The federal budget has outlined a $2 billion commitment from the government towards its research and development (R&D) tax incentive, aiming to help businesses manage the economic impacts of COVID-19. The refinement adds to $1.5 billion that is being used to promote manufacturing in Australia.

The research and development changes include a reversal out of saving the government $1.8 billion under its current R&D tax incentive bill before the Senate and the scrapping of a $4 million refund cap for companies with an annual turnover of less than $20 million.

For companies with an annual turnover of less than $20 million, the refundable R&D tax offset is being set at 18.5 percentage points above the claimaint’s company’s tax rate, up from 13.5 per cent on the current bill.

Other companies with a larger turnover will still face the current tiered intensity approach, but will now see two tiers instead of three.

The marginal R&D premium will be 8.5 percentage points above the claimant’s company tax rate for R&D expenditure between 0 per cent and 2 per cent R&D intensity, while R&D expenditure above 2 per cent R&D intensity for larger companies will see the premium rise to 16.5 percentage points.

The government has also deferred the start date of the changes to 1 July 2021.

Rebecca Schot-Guppy, chief executive of industry body FinTech Australia reported the budget had been positive for the fintech and innovation sector.

“Perhaps the biggest surprise is the government’s reversal of its stance towards the R&D tax incentive,” Ms Schot-Guppy said.

“The policy is important for fintechs’ capital runway particularly at their earlier stages and the changes will no doubt support their growth.

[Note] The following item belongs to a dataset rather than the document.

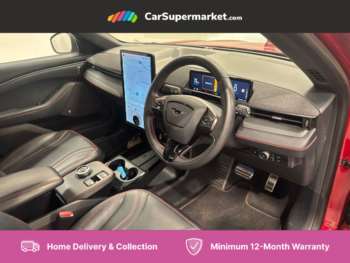 Used Ford Mustang Mach-E 2021 for sale - 75091490: Photo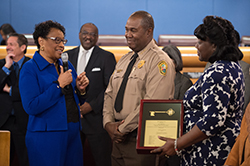 Miami-Dade Police Department Director J.D. Patterson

In addition, the increased R&D spend will ensure that new innovative businesses come into our economy which will help lead our recovery.”

Sam Pratt, CEO of network provider Render, and Tim Dickinson, CEO of payments company Assembly Payments echoed FinTech Australia’s praise of the R&D changes. Mr Pratt in particular called it “huge for Australian technology businesses”.

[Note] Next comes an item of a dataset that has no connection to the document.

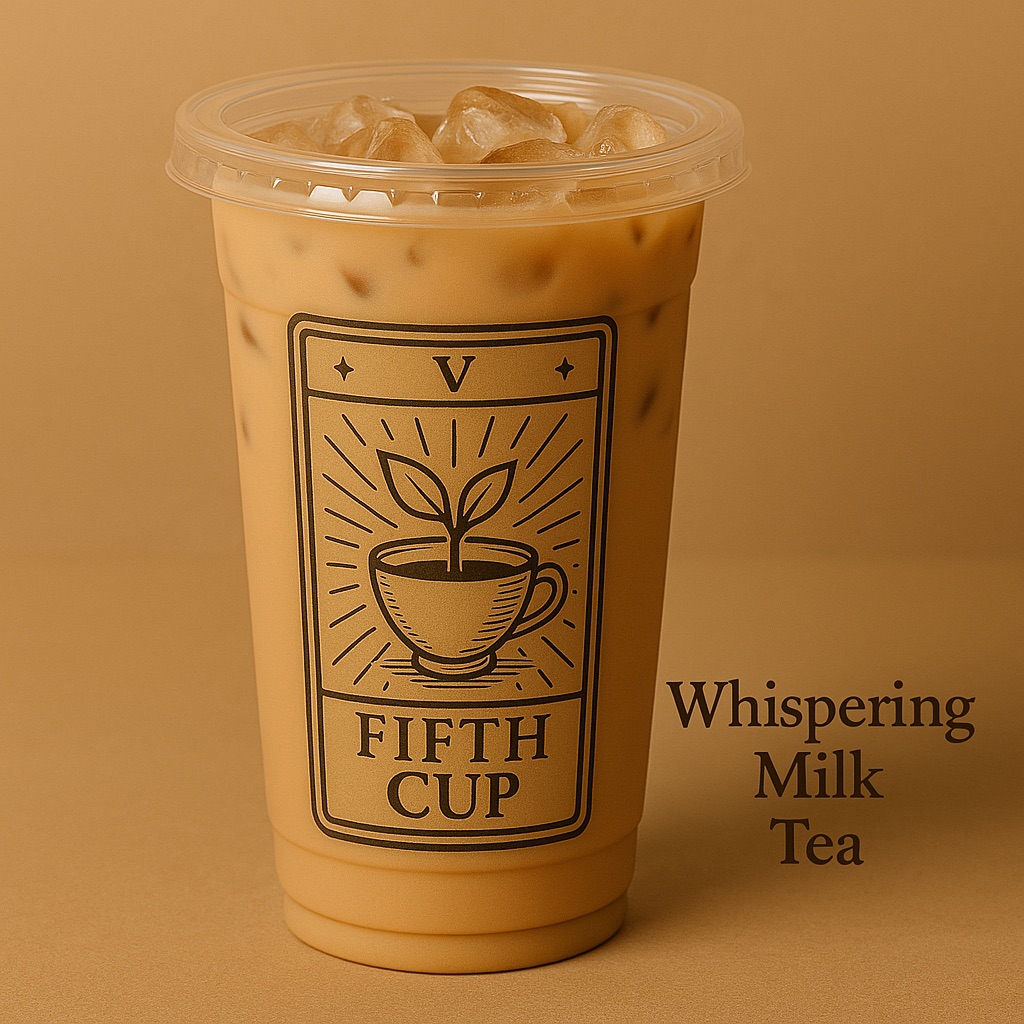 Whispering Milk Tea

“The $2 billion R&D tax incentive lift equates to a 20 per cent increase from its level in 2018-19, and its broadening presents a compelling incentive to maintain and expand product, technology and engineering teams in Australia, as opposed to redirecting those capability investments elsewhere,” Mr Pratt said.

But FinTech Australia has expressed concern that the R&D tax reforms will only come into place from July next year.

“For us to have the best chance of supporting the sector through this pandemic, it needs to be introduced now,” Ms Schot-Guppy said.

She listed other measures as boosts for fintech in the government’s Digital Business Plan, including support for the consumer data right roll-out (or open banking in the finance sector), help for expansion into overseas markets, a review of the payments landscapes and investment in a digital business register.

“It’s great to see the government adopting a growth mindset for supporting businesses and pushing for greater access to our financial system,” Mr Dickinson said.

According to him, the R&D changes as well as greater access to public digital infrastructure including the New Payments Platform and Consumer Data Right show the government thinks Australia needs to “innovate [its] way out” of the crisis.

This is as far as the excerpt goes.